INSTRUCTIONS TO FOLLOW: Beneath this line is the data. Output exactly the lines from the line with "CR1970.01-CARIMBOS DIA DE" to the line with "5-RG Safety Helmet with wheel ratchet Yellow", both ends included, and nothing more.

Records from a data source:
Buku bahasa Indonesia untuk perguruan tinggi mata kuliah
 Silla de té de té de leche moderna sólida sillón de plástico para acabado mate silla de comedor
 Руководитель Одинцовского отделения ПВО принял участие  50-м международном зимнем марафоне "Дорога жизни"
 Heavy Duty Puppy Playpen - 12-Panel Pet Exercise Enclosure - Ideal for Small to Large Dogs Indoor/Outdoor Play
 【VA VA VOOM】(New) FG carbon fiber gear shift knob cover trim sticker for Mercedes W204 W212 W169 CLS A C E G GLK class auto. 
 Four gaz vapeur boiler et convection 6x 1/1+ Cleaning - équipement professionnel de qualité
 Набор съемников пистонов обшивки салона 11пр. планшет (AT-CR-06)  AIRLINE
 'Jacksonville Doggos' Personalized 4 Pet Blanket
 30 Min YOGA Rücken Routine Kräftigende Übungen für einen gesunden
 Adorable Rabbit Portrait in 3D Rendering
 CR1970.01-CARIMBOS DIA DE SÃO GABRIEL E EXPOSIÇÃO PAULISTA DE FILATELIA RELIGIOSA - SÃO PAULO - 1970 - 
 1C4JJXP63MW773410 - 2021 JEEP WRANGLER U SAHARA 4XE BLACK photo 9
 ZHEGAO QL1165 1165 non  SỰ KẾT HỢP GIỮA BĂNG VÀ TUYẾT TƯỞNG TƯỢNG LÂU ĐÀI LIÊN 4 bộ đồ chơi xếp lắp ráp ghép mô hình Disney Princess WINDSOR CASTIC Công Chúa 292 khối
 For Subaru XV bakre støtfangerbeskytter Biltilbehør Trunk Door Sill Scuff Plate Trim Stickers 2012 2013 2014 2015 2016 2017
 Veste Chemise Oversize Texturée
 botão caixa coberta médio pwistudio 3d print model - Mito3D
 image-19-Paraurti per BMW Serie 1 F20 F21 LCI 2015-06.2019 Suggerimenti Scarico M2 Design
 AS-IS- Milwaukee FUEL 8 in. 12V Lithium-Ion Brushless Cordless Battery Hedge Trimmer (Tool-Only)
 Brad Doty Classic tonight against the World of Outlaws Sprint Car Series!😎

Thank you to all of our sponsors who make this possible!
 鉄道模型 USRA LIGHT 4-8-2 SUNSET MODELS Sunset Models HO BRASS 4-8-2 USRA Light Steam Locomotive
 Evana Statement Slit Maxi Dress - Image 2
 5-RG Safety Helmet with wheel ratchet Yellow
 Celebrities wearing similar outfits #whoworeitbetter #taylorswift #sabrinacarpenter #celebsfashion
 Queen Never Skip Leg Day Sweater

ANSWER SPACE:
 CR1970.01-CARIMBOS DIA DE SÃO GABRIEL E EXPOSIÇÃO PAULISTA DE FILATELIA RELIGIOSA - SÃO PAULO - 1970 - 
 1C4JJXP63MW773410 - 2021 JEEP WRANGLER U SAHARA 4XE BLACK photo 9
 ZHEGAO QL1165 1165 non  SỰ KẾT HỢP GIỮA BĂNG VÀ TUYẾT TƯỞNG TƯỢNG LÂU ĐÀI LIÊN 4 bộ đồ chơi xếp lắp ráp ghép mô hình Disney Princess WINDSOR CASTIC Công Chúa 292 khối
 For Subaru XV bakre støtfangerbeskytter Biltilbehør Trunk Door Sill Scuff Plate Trim Stickers 2012 2013 2014 2015 2016 2017
 Veste Chemise Oversize Texturée
 botão caixa coberta médio pwistudio 3d print model - Mito3D
 image-19-Paraurti per BMW Serie 1 F20 F21 LCI 2015-06.2019 Suggerimenti Scarico M2 Design
 AS-IS- Milwaukee FUEL 8 in. 12V Lithium-Ion Brushless Cordless Battery Hedge Trimmer (Tool-Only)
 Brad Doty Classic tonight against the World of Outlaws Sprint Car Series!😎

Thank you to all of our sponsors who make this possible!
 鉄道模型 USRA LIGHT 4-8-2 SUNSET MODELS Sunset Models HO BRASS 4-8-2 USRA Light Steam Locomotive
 Evana Statement Slit Maxi Dress - Image 2
 5-RG Safety Helmet with wheel ratchet Yellow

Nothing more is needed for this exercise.